Luckily for Menelaus, Eidothea, the daughter of Proteus, the Old Man of the Sea, falls in love with him, and relates how he may win sure and certain advice from her father who does not like to dispense such information.

Proteus is herdsman of Poseidon’s seals, so Menelaus must hide himself in a smelly sealskin, jump Proteus when he comes into his cave at noon, and hang on for dear life, for Proteus:  “can foretell the future, but, in a mytheme familiar from several cultures, will change his shape to avoid having to; he will answer only to someone who is capable of capturing him.
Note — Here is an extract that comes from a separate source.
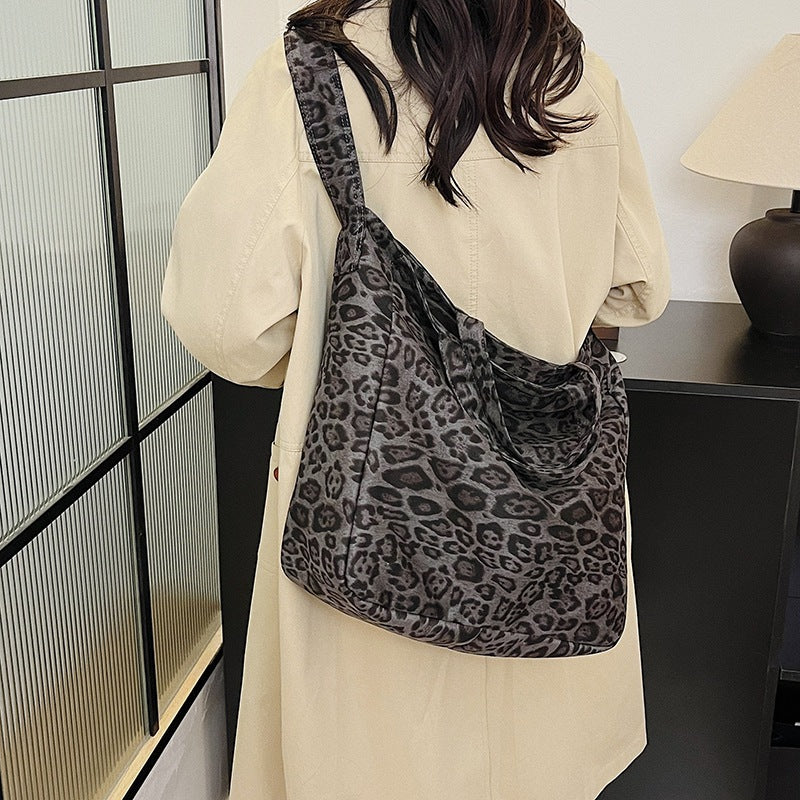 Lazy Vibe Leopard Print Nylon Large Capacity Commuter Tote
From this feature of Proteus comes the adjective protean, with the general meaning of “versatile”, “mutable”, “capable of assuming many forms”.  http://en.wikipedia.org/wiki/Proteus

Proteus, The Old Man of the Sea

Barth has a field day letting Menelaus tell the tale of conversations with different people at different times – when someone related what someone else related about what someone else related, he relates.

And yet, for all the tour de force writing, the central image of the tale is like a koan that stays with you.  While holding on to Proteus, Menelaus realizes he can never again be sure that Proteus has not changed into Menelaus holding Proteus, and if so, what or who is he?  All he can know for sure is that he is a voice asking who or what he is.


There is a classic Zen story of a man who dreams he is a butterfly.  When he wakes, he wonders if he is a man who dreamed he was a butterfly, or a butterfly dreaming he is a man.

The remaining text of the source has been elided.